Karate kata, breaking a board or brick

Rōhai (鷺牌) meaning “image of a heron” or “sign of a heron” is a family of kata practiced in some styles of karate.

== Origin ==
The kata originated from the Tomari-te school of Okinawan martial arts. It was called Matsumora Rōhai, after Kosaku Matsumora, who was presumably its inventor (not to be confused with Sokon Matsumura). Ankō Itosu later took this kata and developed three kata from it: Rōhai shodan, Rōhai nidan, and Rōhai sandan. In Shorin-ryū and Matsubayashi-ryū this kata introduces Gedan Shotei Ate (Lower/Downward Palm Heel Smash) and Ippon Ashi Dachi. (One Leg Stance) It contains a sequence of Tomoe Zuki (Circular Punch) exactly the same as the one in Bassai, although the ending of the sequence chains into Hangetsu Geri/Uke (Half Moon Kick/Block).

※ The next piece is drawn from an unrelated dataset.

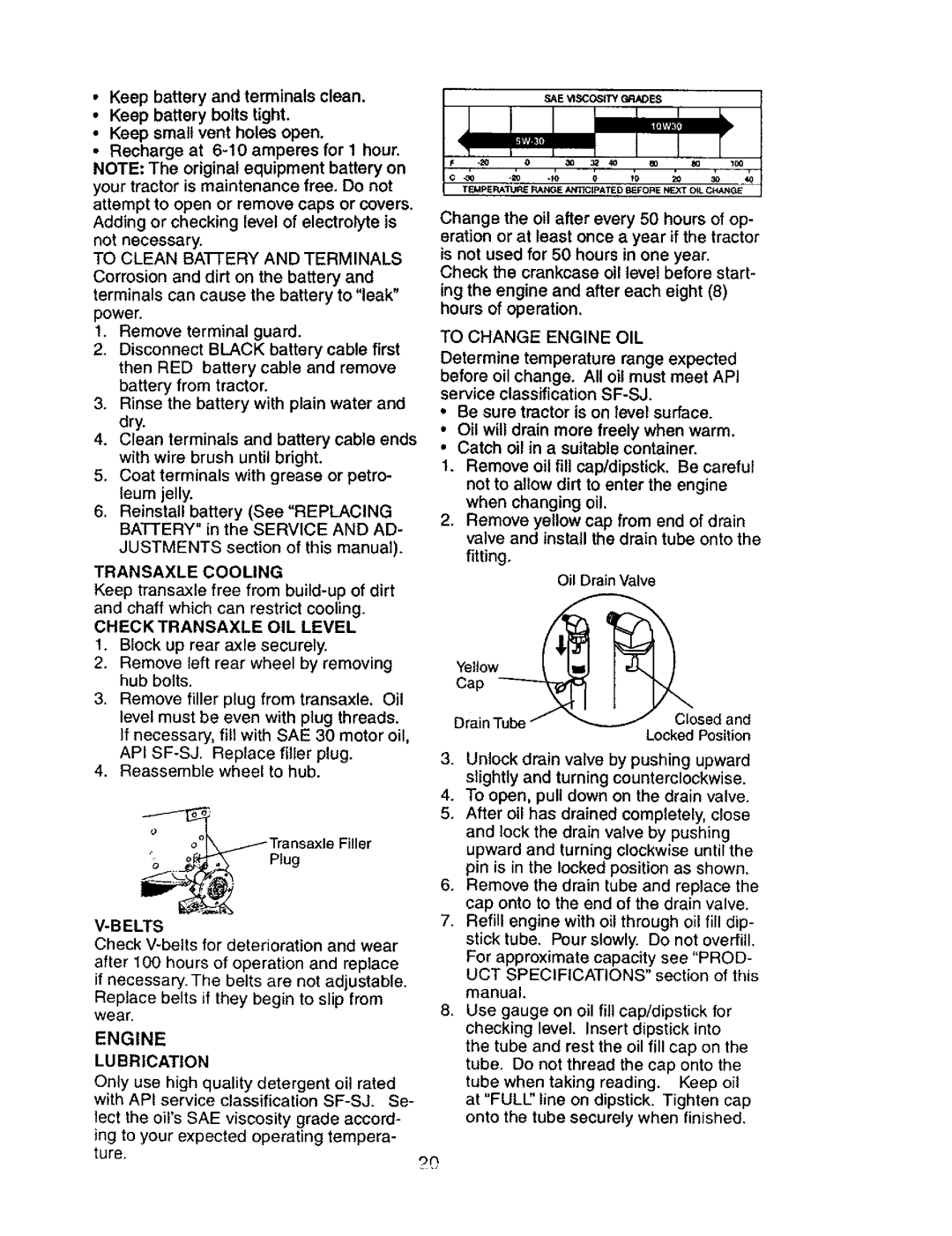 Craftsman 917.27603 manual Check Transaxle OIL Level, Remove left rear wheel by removing hub bots, Belts, Lubrication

== Schools and variations ==
Shito-ryu teaches all three of the Itosu Rohai kata as well as Matsumora Rohai. Some styles such as Wadō-ryū employ only one of Itosu’s kata (Rōhai shodan or just Rōhai). While other styles such as Genseiryū and Shindō_jinen-ryū only teach Matsumora Rohai.

The Shotokan version of Rōhai (renamed Meikyo (明鏡), literally "bright mirror" by Gichin Funakoshi) is very distinct from either the Matsumora or Itosu versions. It is believed that Funakoshi being a much older and earlier student of Itosu than Kenwa Mabuni may have been taught a different version of Rohai from Itosu known as Gusukuma Rohai. Sometime in the early 1990s Tetsuhiko Asai introduced two new kata of his own design: Meikyo nidan and Meikyo sandan.

In Tang Soo Do and Soo Bahk Do unlike most of its forms which can be traced back to Shotokan, their version of Rohai was based on the Matsumora version. Over the years practitioners have made numerous changes to the form including the addition of a board (or brick) breaking element, which can be performed using either a downward punch or palm strike.